It’s going to be quick today – I’ve got an article to re-draft and papers to write – but I did want to make some more progress on the Bishops In The Century Of Iron conference I started blogging about before Christmas. After John Ott’s paper I already blogged about, we had the first full panel, the first speaker of which was in fact me, so this blog is probably not the place for an unbiased account of that; but it was in fact the third paper I wanted to talk about.
The paper in question was given by a doctoral student at Ghent, Pieter Byttebier, who was presenting on ‘The Warring Bishop’, how Lotharingian bishops used imagery of violence in their self-presentation. He was arguing, put briefly, that though bishops more-or-less always had to provide military service, even if not fight themselves, there was an increasing trend from the ninth to the eleventh century of bishops presenting themselves in militaristic shades. Violence was ambiguous, but it was an increasingly noticeable part of the toolbox of episcopal self-presentation.
This all sounded perfectly reasonable to me, and I wonder at the underlying causes behind it. The one which occurred immediately, and which I’d like to briefly mention here, is the change in the socio-economic status of warfare.
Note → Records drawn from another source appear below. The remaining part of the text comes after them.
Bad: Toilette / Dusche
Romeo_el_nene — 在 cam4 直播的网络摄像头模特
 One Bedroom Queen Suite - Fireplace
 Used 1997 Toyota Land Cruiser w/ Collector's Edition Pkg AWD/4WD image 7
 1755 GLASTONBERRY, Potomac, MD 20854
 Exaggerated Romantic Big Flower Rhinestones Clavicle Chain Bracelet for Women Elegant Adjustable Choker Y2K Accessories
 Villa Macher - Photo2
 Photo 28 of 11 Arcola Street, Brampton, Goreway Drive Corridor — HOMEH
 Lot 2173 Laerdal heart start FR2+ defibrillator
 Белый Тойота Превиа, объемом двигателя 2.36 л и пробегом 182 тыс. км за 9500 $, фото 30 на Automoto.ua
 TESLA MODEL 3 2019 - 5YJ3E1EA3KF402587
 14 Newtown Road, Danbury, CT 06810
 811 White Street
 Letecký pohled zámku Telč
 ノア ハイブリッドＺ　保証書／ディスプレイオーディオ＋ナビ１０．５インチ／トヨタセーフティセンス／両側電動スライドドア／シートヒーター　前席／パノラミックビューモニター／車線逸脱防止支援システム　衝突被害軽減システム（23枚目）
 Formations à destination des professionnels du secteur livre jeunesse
I confess to not exactly being an expert on changing practises of warfare in this period, but I do vaguely remember that it’s getting more and more expensive – Æthelred the Unready, at the end of the eleventh century, raised the heriot payments (a levy of war gear due from his men after death) for a similar reason. If so, might it be that the more elite status of warfare had more to offer bishops vis-à-vis their self-presentation? I have no idea, but it’s a very interesting avenue of investigation, and I look forward to seeing where Pieter goes with it.